Ruth Ellen duPont Lord of New Haven and East Lyme CT died August 4 in New Haven.
Born in 1922 to Henry Francis and Ruth Wales duPont, Ruth grew up in New York City as well as Winterthur Delaware and Boca Grande Florida. She attended Foxcroft School, Vassar College and received a Masters degree in Education from Yale.
(Click here to read personal tributes to Lord in a story published Thursday in the Wilmington News-Journal of Delaware.)
She and her first husband George de Forest Lord lived a Yale-centered life in New Haven and raised three children, Pauline, George and Henry. Their baby daughter Edith died in 1954. In 1964 Ruth and three friends founded the Long Wharf Theatre, to which she remained passionately committed. She and George Lord divorced in 1977.
“We think it is not an overstatement to say that without Ruth, Long Wharf would not exist,” Long Wharf Artistic Director Gordon Edelstein and Managing Director Joshua Borenstein stated in a press release issued Thursday. “Lord’s involvement with Long Wharf Theatre began with a chance encounter at a supermarket in 1964. Her friend William Sloane Coffin, then the chaplain of Yale and on the cusp of becoming a towering figure in the anti-Vietnam War movement, had taken an interest in the work of Harlan Kleiman and Jon Jory, a pair of Yale graduates who were starting a theatre in the Food Terminal at Long Wharf. Ruth became deeply involved, working with fellow founders including Newt Schenck and Betty Kubler to get Long Wharf Theatre up and running. She served as Long Wharf Theatre’s first Board President, a role she held until 1990.”
In 1970 Ruth took a job at Yale New Haven Hospital, co-leading support groups for parents of severely ill children and writing research papers on disparate topics, including a teenage girl’s right to refuse kidney dialysis and the impact on the patient of the death of the psychoanalyst. She later became Research Associate at Yale’s Child Study Center, working on custody issues. In 1994, she collaborated with Albert J. Solnit and Barbara Nordhaus in publishing When Home is No Haven.

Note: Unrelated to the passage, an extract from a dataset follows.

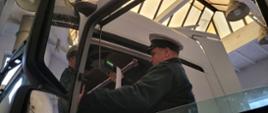 Umundurowany funkcjonariusz kujawsko-pomorskiej Inspekcji Transportu Drogowego stoi w wejściu do kabiny ciągnika siodłowego. Inspektor sporządza wydruk z tachografu cyfrowego.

Ruth spent 16 joyful years with her second husband John Grier Holmes, a theatre man and one-time head of the Yale Whiffenpoofs. At his urging, she wrote Henry Francis duPont and Winterthur – A Daughter’s Portrait, now in its 4th printing. John Holmes died in 1997.
In her mid-80s, Ruth by chance re-met her childhood friend and neighbor Harold G Haskell of Chadds Ford, and a marvelous romance blossomed. They were “Partners for Life” until her death.
Ruth wrung the most out of life, with an upbeat spirit, hilarious, irreverent sense of humor, deep friendships, and generosity to causes that included social welfare, education, the theatre, and the environment. Her death creates a terrible void for family, colleagues and friends including Hal Haskell, Pauline Lord & David Harlow of East Lyme, George de F. and Gail Lord of Athens GA, Henry Lord of New Haven, 5 grandchildren, and 3 great grandchildren.
A funeral service will be held August 16 at 3 pm at St. Ann’s Episcopal Church in Old Lyme CT. A second service will occur September 6 at 11 am at Christ Church Christiana Hundred in Greenville DE. Burial will be in the duPont Cemetery. In lieu of flowers, donations may be made in Ruth’s memory to the Long Wharf Theatre or to the Albert J. Solnit Program at the Yale Child Study Center.